I'm Dax. That's no my real name btw. But I'm 34 (soon to be 35) and I live somewhere in Texas. I'm a divorced guy. Married 8 years, divorced 4 years. I think after a lot of reflection and just being alone, I've finished the grieving stage and I'm now ready to move on and make the rest of my life, the best of my life. 

If anything, I hope this place prepares me if I ever get married again. A bit too early to think of that now, however. 

That's all I wanted to say. 

Cheers everyone!


Dax.


----------



## arbitrator

*Take your sweet time, and don't ever get yourself into an undue rush, Dax ~ you will definitely know when the right woman crosses your path!

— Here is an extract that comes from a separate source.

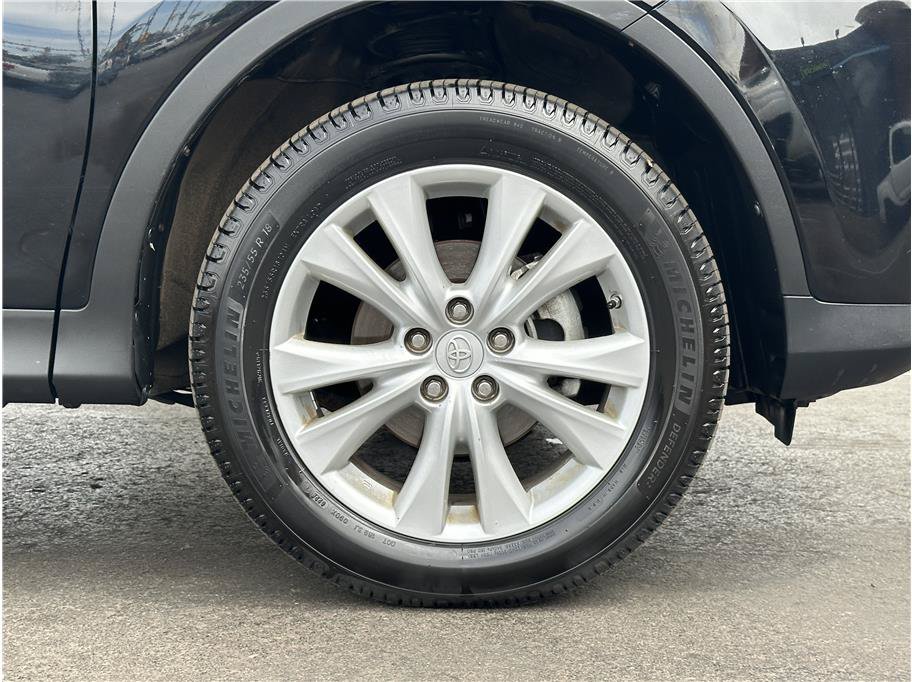 Used 2015 Toyota RAV4 Limited AWD/4WD image 30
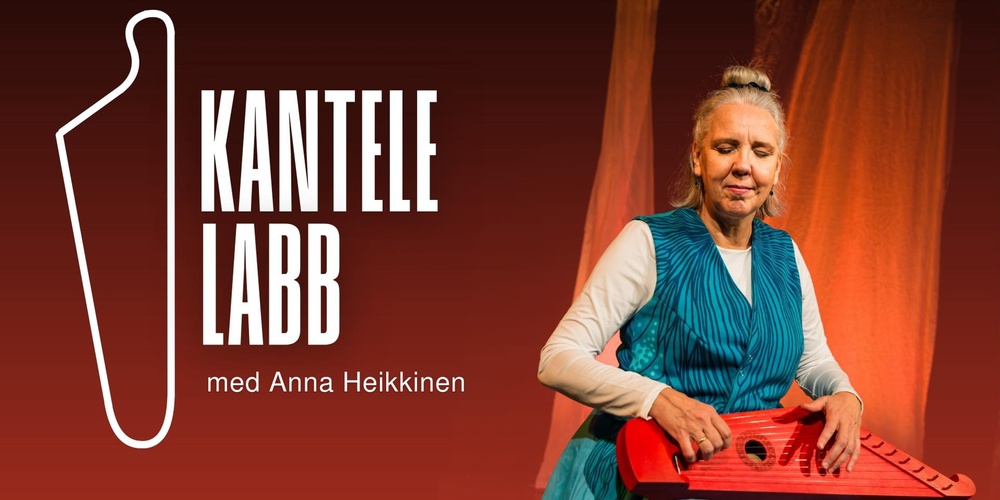 Kvinna i blå kläder spelar kantele på scen med texten 'Kantele Labb med Anna Heikkinen' bredvid sig.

Best of wishes to you and a hearty welcome to the TAM family! We're here to commiserate, advise, and hopefully offer help!*
_Posted via Mobile Device_


----------



## 225985

dax_shepard said:


> Hello,
> 
> 
> 
> I'm Dax. That's no my real name btw. But I'm 34 (soon to be 35) and I live somewhere in Texas. I'm a divorced guy. Married 8 years, divorced 4 years. I think after a lot of reflection and just being alone, I've finished the grieving stage and I'm now ready to move on and make the rest of my life, the best of my life.
> 
> 
> 
> If anything, I hope this place prepares me if I ever get married again. A bit too early to think of that now, however.
> 
> 
> 
> That's all I wanted to say.
> 
> 
> 
> Cheers everyone!
> 
> 
> 
> 
> 
> Dax.




Any kids?


----------



## estes

I'm in a similar situation. 

We'll get through this together!


----------



## BetrayedDad

dax_shepard said:


> Cheers everyone!
> 
> Dax.


Where are you really from? No one says "cheers" in Texas....


----------



## estes

Gotta watch those sweeping generalizations. We're not all lemmings ya know!


----------



## 225985

estes said:


> Gotta watch those sweeping generalizations. We're not all lemmings ya know!




Not all but most. And most of us just follow that lemming who enjoys leading us astray and over the cliff.


----------